I enjoyed the first lesson! I try not to be overwhelmed by the fact that there is so much to learn, and instead think of myself like a child taking her first steps in a new language. That way it's so much more fun. Already I'm amazed that I recognize and understand (or can make a pretty good guess of the meaning of) many of the terms in the lesson books. It's the spoken part that is much more difficult, and no doubt the grammar part. At one point Isabelle had everyone speak aloud some French terms they knew, and of course everyone knew something--bonjour (also the name of a local shop), vin, bon appetit, paris, je't aime (sp?), le rose noire (a local bakeshop), bonsoir.

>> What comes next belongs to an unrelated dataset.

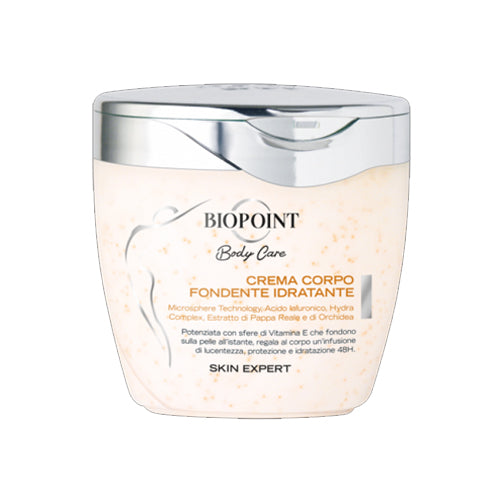 Crema Corpo Fondente Idratante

The French "R" stumps me. It seems to involve some vibration inside the mouth that not even Tagalog has. Or at least not the citified Tagalog that I know. I am practicing at home with the CD they provided. Fell asleep on the sofa last night listening to these wonderfully exotic sounds coming off the CD player.

Also some of the U and E vowel sounds are close to the way the Chinese pronounce some of their vowel sounds, so that is another thing I do not have the advantage of knowing.

I am beginning to 'devour' this language much as I soaked up English--that is, with a lot of enthusiam--back in our grade school days. As though I were six again and finding out what "bottle" means, learning how to say "Look, there's Spot", how to count from one to ten, how to say good morning and good afternoon.

Abangan ang susunod na kabanata. Till then, bonne nuit!


Postscripts

Remember this pair of horses that we befriended in Seraincourt? (The secret was in the apple and bits of bread)



...and the duck in the pond and your About a Boy moment?



I hope you're not throwing any more melon at those poor feathered creatures!